Since the mid-1990s, the costs of compute, storage, and memory have been steadily plummeting. The commoditization revolution in compute (“x86 everywhere”), combined with the commercialization of distributed systems programming models, has taken huge advantage of this economic situation.
At the same time, we are processing more data, from more sources, for more purposes than ever before. Although multi-core and multi-socket compute platforms are commonplace – leveraging parallelism at the processor to try to handle the hockey-stick growth of data processing needs – even these approaches are insufficient to deliver the processing power needed to accomplish enterprise data mining efforts. Hence the scramble to build distributed systems solutions for our applications.
This scramble to build distributed systems solutions has had a few, key consequences:
- Applications are more distributed across networks. An application is considered “distributed” as soon as it has any non-trivial east/west dependencies. Once this happens, the network is an implicit part of the application. It’s no longer sufficient to have the fastest algorithms in your applications, or to have the highest-RPM disk drives in your servers. Now network latency and throughput have a critical impact on the performance of distributed applications.

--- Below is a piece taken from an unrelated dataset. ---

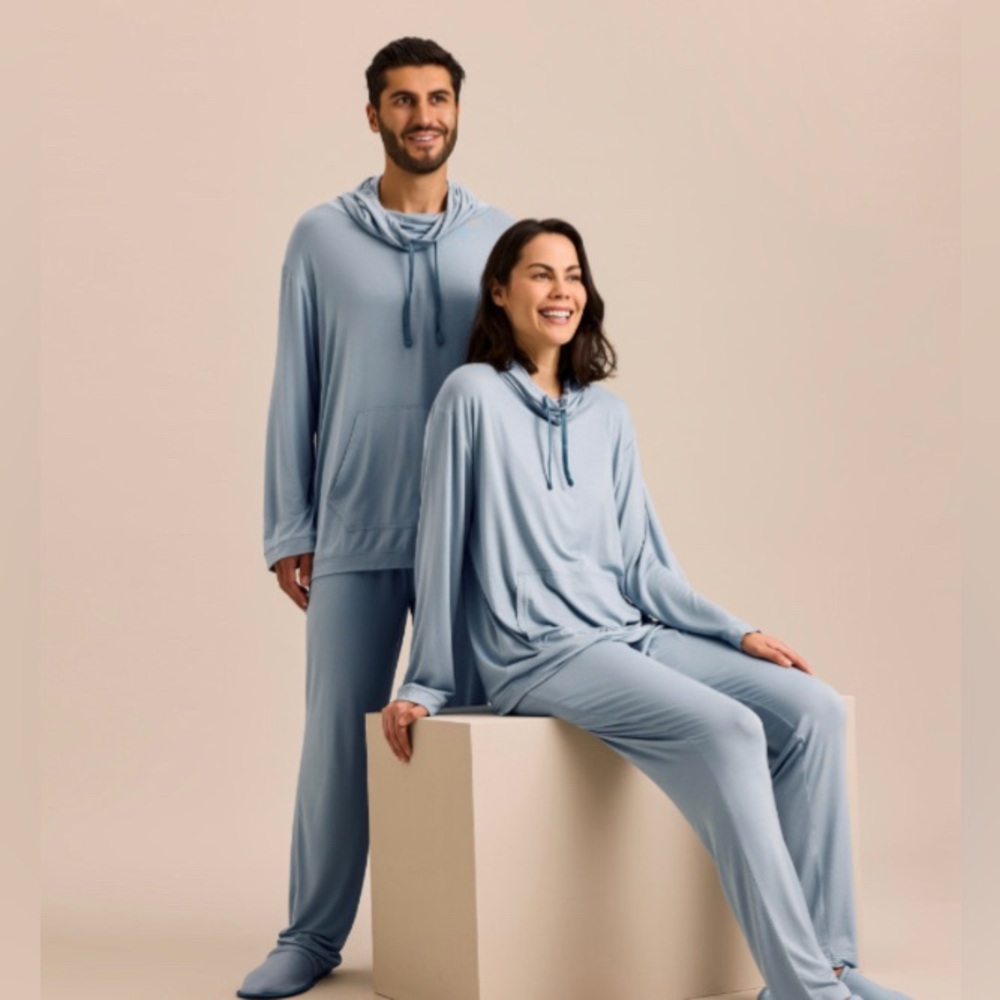 Brand new Emirates Business Class inflight loungewear size s/m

- Operating distributed applications changes network operations. In the past, networks were segmented into layers, zones, and areas. Applications existed primarily within one of those segments. Now, as a result of their increasingly distributed nature, modern applications operate across boundaries and layers. In many cases, our modern transient and elastic applications deploy, work, and decommission non-deterministically. Their increasing scale and ephemerality and requirements for performance, continuity, and on-demand capacity, require comprehensive, real-time feedback and automation.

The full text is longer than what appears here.